+++ ENTRIES PROVIDED

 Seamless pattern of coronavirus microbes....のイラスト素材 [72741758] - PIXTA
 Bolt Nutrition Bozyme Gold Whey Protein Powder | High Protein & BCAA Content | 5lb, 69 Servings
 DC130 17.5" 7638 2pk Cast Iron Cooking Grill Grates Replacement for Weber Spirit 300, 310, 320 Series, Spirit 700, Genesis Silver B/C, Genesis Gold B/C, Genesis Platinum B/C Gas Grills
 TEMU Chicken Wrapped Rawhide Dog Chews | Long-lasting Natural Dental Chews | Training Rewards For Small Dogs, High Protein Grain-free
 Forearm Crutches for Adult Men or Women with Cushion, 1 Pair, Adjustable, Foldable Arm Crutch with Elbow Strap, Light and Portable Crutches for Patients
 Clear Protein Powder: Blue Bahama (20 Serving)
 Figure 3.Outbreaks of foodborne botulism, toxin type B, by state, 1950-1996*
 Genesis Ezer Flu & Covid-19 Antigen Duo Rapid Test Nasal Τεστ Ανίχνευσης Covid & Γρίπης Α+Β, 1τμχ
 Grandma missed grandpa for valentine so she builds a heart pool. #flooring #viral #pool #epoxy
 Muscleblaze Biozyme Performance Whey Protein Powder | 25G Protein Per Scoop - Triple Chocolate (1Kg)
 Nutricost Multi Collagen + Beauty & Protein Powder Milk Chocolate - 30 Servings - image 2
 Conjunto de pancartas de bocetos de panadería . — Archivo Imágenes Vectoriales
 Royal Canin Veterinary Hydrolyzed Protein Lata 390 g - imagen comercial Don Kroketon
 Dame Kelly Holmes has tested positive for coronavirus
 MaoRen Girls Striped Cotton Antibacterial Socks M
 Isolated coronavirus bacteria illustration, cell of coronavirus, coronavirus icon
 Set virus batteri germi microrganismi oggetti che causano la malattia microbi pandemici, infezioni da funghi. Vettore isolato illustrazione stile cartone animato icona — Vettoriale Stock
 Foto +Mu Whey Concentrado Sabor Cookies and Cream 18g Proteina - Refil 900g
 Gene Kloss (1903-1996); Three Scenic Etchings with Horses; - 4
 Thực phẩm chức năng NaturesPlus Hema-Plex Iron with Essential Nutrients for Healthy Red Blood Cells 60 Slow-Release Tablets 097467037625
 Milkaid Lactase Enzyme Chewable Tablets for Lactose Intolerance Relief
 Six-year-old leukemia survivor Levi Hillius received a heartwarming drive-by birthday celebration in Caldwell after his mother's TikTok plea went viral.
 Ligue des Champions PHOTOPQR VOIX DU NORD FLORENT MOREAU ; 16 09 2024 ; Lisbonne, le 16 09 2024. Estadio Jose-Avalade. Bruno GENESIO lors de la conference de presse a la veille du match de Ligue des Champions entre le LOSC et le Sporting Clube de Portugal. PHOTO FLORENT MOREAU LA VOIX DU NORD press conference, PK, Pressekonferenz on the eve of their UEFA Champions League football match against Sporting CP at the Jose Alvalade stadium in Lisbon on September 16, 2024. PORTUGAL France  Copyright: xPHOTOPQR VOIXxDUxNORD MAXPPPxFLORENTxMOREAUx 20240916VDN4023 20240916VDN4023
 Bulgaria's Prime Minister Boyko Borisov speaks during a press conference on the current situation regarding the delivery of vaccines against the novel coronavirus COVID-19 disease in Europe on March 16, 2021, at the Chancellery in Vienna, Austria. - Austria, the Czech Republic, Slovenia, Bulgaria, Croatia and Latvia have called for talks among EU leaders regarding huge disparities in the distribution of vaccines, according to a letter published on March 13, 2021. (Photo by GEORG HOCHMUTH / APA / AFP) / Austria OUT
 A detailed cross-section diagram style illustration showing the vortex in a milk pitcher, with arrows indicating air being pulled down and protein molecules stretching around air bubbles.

++++++

INSTRUCTIONS TO FOLLOW =>
Give back, word for word, only the lines above from the line holding "Thực phẩm chức" to the line holding "Six-year-old leukemia survivor", both included.

RESPONSE TO THIS EXERCISE =>
 Thực phẩm chức năng NaturesPlus Hema-Plex Iron with Essential Nutrients for Healthy Red Blood Cells 60 Slow-Release Tablets 097467037625
 Milkaid Lactase Enzyme Chewable Tablets for Lactose Intolerance Relief
 Six-year-old leukemia survivor Levi Hillius received a heartwarming drive-by birthday celebration in Caldwell after his mother's TikTok plea went viral.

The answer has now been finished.